Thesis etd-06302021-103021


Thesis type
Tesi di dottorato di ricerca
Author
CARTA, ANTONIO
URN
etd-06302021-103021
Thesis title
Memorization in Recurrent Neural Networks
Academic discipline
INF/01
Course of study
INFORMATICA
Supervisors
tutor Prof. Bacciu, Davide
Keywords
  • continual learning
  • recurrent neural networks
  • sequence autoencoding
  • short-term memory
Graduation session start date
20/07/2021
Availability
Full
Summary
Rich sources of data such as text, video, or time series, are composed of a sequence of elements. Traditionally, recurrent neural networks have been used to process sequences by keeping a trace of the past in a recursively updated hidden state. The ability of recurrent networks to memorize the past is fundamental to their success.
In this thesis, we study recurrent networks and their short-term memory, with the objective of maximizing it. In the literature, most models either do not optimize the short-term memory or they do so in a data-independent way. We propose a conceptual framework that splits recurrent networks into two separate components: a feature extractor and a memorization component. Following this separation, we show how to optimize the short-term memory of recurrent networks. This is a challenging problem, hard to solve by end-to-end backpropagation.
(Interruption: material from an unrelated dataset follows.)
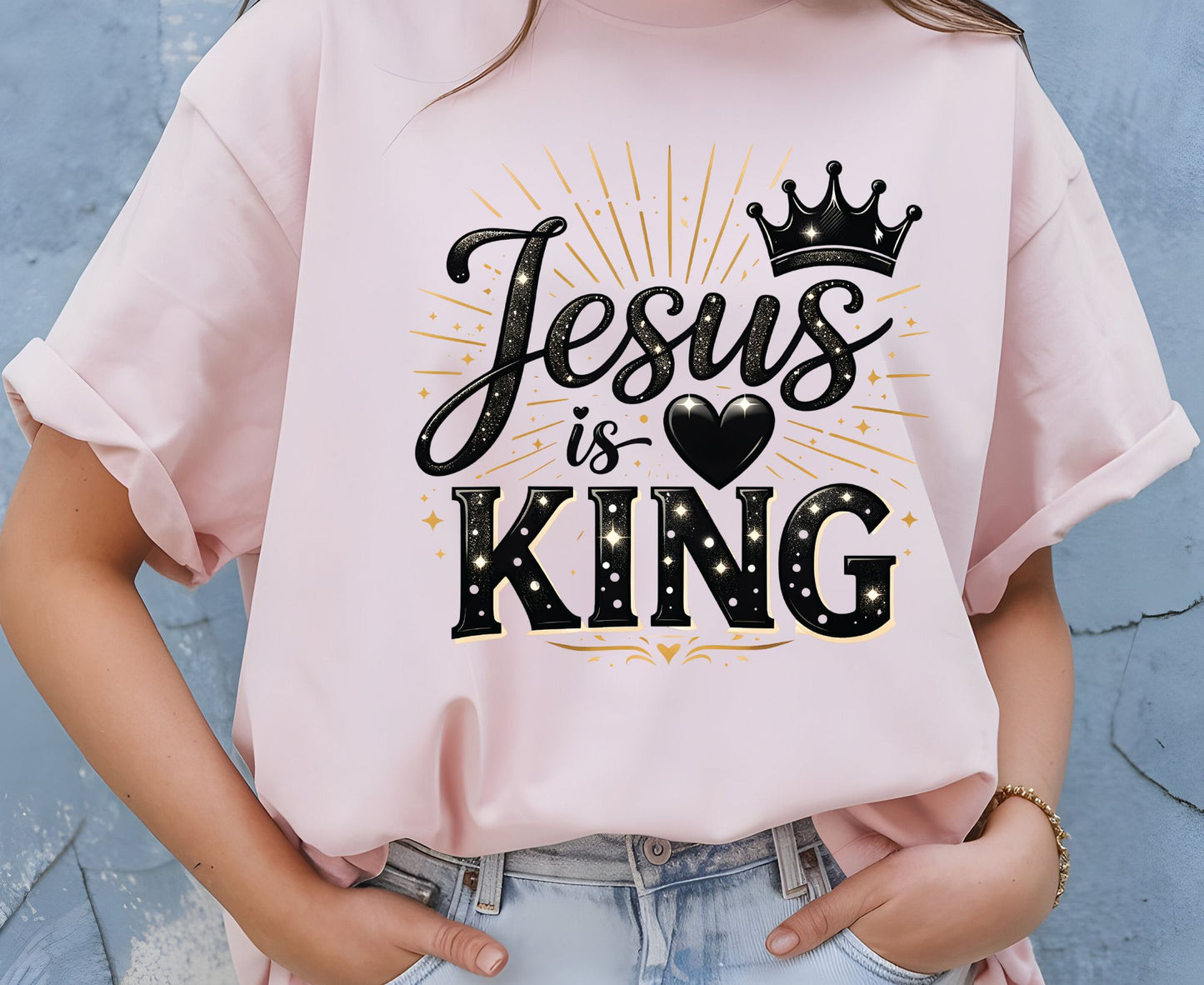 Jesus Is King T Shirt Christian Crown Tee Religious Faith Shirt King Of Kings Gift Sunday School Outfit Adult Youth Toddler Baby Apparel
We propose several solutions that allow us to efficiently optimize the memorization component. Finally, we apply our approach to two application domains: sentence embeddings for natural language processing and continual learning on sequential data.
Overall, we find that optimizing the short-term memory improves the ability of recurrent models to learn long-range dependencies, helps the training process, and provides features that generalize well to unseen data.
The findings of this thesis provide a better understanding of short-term memory in recurrent networks and suggest general principles that may be useful to design novel recurrent models with expressive memorization components.